Di balik kobaran itu berdirilah sosok agung yang kini tak hanya dikenang sebagai pahlawan nasional, tapi juga seorang sufi, santri, dan pemimpin revolusi: Pangeran Diponegoro.
Hari ini, di tengah gelombang ketidakadilan modern, saat penjajahan berganti wajah menjadi cengkeraman oligarki dan persekongkolan elite kekuasaan, semangat Diponegoro kembali menyeruak dari rahim sejarah—memanggil anak-anak bangsa untuk kembali berdiri, melawan penindasan dalam segala rupa.

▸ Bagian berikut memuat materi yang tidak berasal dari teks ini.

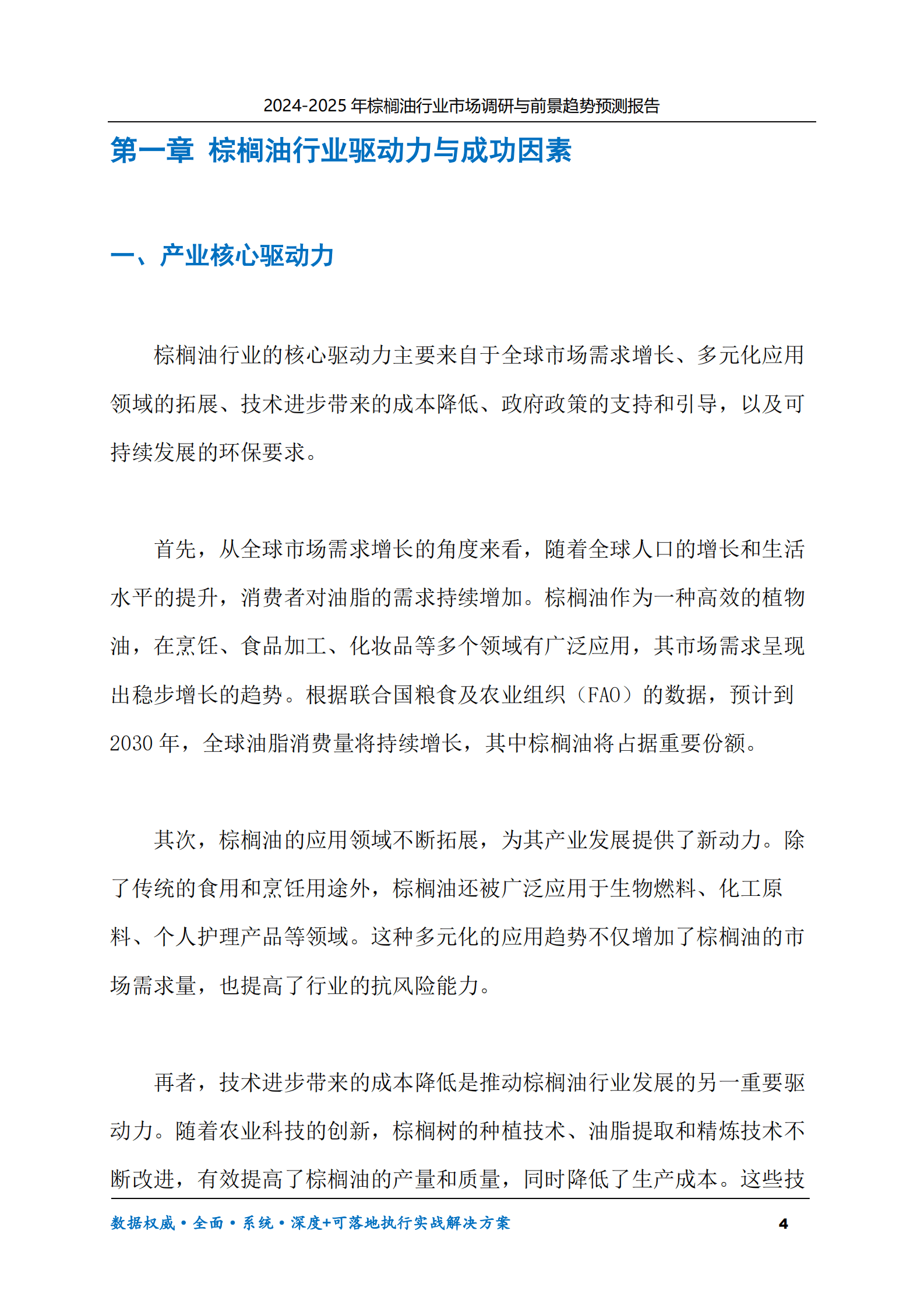 2024-2030年棕榈油行业市场调研及前景趋势预测报告 第4页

Anak Raja yang Memilih Jalan Sunyi
Lahir pada 11 November 1785 di Yogyakarta dengan nama Bendara Raden Mas Mustahar, Diponegoro adalah putra sulung dari Sultan Hamengkubuwono III.
Namun sejak kecil, ia menolak hidup dalam gemerlap istana.
Ia memilih tinggal di Pesanggrahan Tegalrejo bersama sang nenek, Ratu Ageng Tegalrejo, seorang permaisuri raja yang salehah dan anti-Belanda.
Di sinilah karakter spiritualnya mulai ditempa.
Ia tidak hanya mempelajari ilmu kasultanan, tetapi juga menyelami ilmu agama secara mendalam, berguru kepada ulama-ulama besar yang membentuk dasar perjuangannya.
Pangeran Diponegoro dikenal sebagai seorang santri sejati.
Ia berguru kepada sejumlah ulama besar: Kyai Taptojani di Tegalrejo, KH Badlowi di Begelen, Purworejo, yang mengajarkan tafsir Jalalain, Habib Alwi bin Yahya, seorang ulama keturunan Rasulullah, Kiai Taftazani di Kertosono, Kiai Nur Muhammad di Ngadiwongso, Magelang, Kiai Hasan Besari di Ponorogo.